Prof. Dr. Mustafa Özer: Üretim yapmadan üç yılda yüzde 5 büyüme mümkün değil

Prof. Dr. Mustafa Özer: Üretim yapmadan üç yılda yüzde 5 büyüme mümkün değil

Anadolu Üniversitesi İktisadi ve İdari Bilimler Fakültesi öğretim üyesi Prof. Dr. Mustafa Özer, "Üretim yapmadan üç yılda yüzde 5 büyüme mümkün değil. TÜİK ne yazık ki özellikle açıkladığı büyüme, enflasyon ve işsizlik oranları gibi verilerle toplumun her kesiminde güven erozyonuna uğrayan bir kurum haline getirilmiştir" düşüncesini dile getirdi. 

Özer, Cumhuriyet Gazetesi'nden Şehriban Kılıç'a açıklamalarda bulundu.

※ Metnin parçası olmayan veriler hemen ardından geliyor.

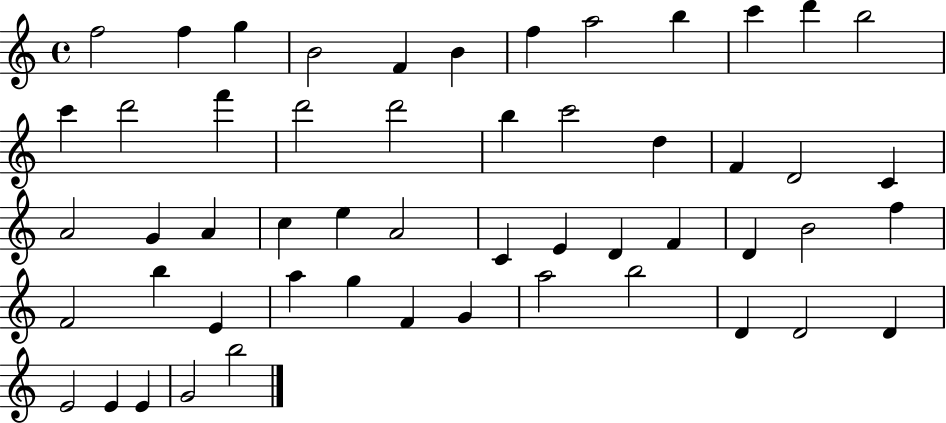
{
  \clef treble
  \time 4/4
  \defaultTimeSignature
  \key c \major
  f''2 f''4 g''4 | b'2 f'4 b'4 | f''4 a''2 b''4 | c'''4 d'''4 b''2 | \break c'''4 d'''2 f'''4 | d'''2 d'''2 | b''4 c'''2 d''4 | f'4 d'2 c'4 | \break a'2 g'4 a'4 | c''4 e''4 a'2 | c'4 e'4 d'4 f'4 | d'4 b'2 f''4 | \break f'2 b''4 e'4 | a''4 g''4 f'4 g'4 | a''2 b''2 | d'4 d'2 d'4 | \break e'2 e'4 e'4 | g'2 b''2 | \bar "|."
} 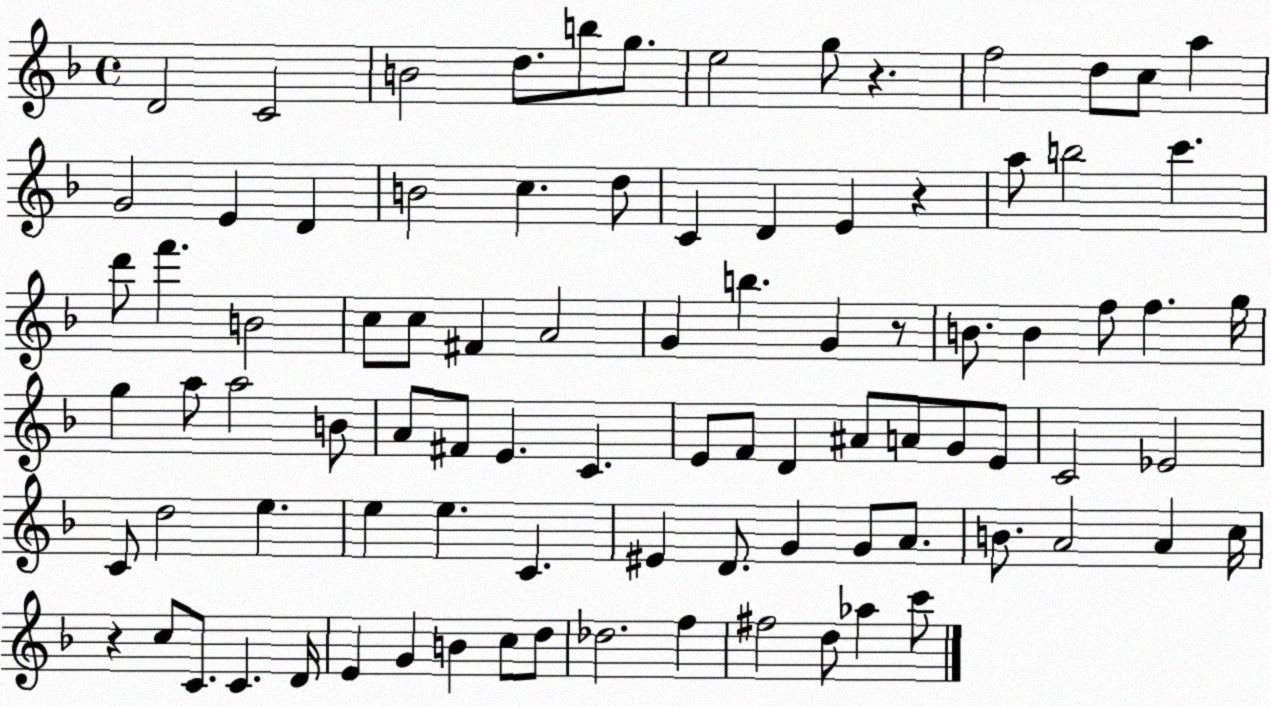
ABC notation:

X:1
T:Untitled
M:4/4
L:1/4
K:F
D2 C2 B2 d/2 b/2 g/2 e2 g/2 z f2 d/2 c/2 a G2 E D B2 c d/2 C D E z a/2 b2 c' d'/2 f' B2 c/2 c/2 ^F A2 G b G z/2 B/2 B f/2 f g/4 g a/2 a2 B/2 A/2 ^F/2 E C E/2 F/2 D ^A/2 A/2 G/2 E/2 C2 _E2 C/2 d2 e e e C ^E D/2 G G/2 A/2 B/2 A2 A c/4 z c/2 C/2 C D/4 E G B c/2 d/2 _d2 f ^f2 d/2 _a c'/2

Özer orta vadeli programda (OVP) 2021 yılı dolar kuru 8.30 TL tahmin edilirken enflasyonun yüzde 16.2 olmasını beklemenin saflık olacağı yorumunu yaptı. Üretici fiyat endeksindeki artışların süreklilik kazandığını, bunun bir süre sonra vatandaşa  zam olarak yansıyacağını ve toplumdaki yoksullaşmanın hızlanacağını vurguladı. “Gördüğüm en büyük risk, Merkez Bankası’na faiz oranlarını düşürme yönünde yapılacak siyasi baskılar ile onun tetikleyeceği kur şoklarıdır” diyen Özer açıklamalarına şöyle devam etti:

''Fakirleştirici hatta gelir dağılımını daha bozucu etkisi olan bir büyüme''

-2022-2024 dönemini kapsayan OVP yayımlandı. Nasıl değerlendiriyorsunuz?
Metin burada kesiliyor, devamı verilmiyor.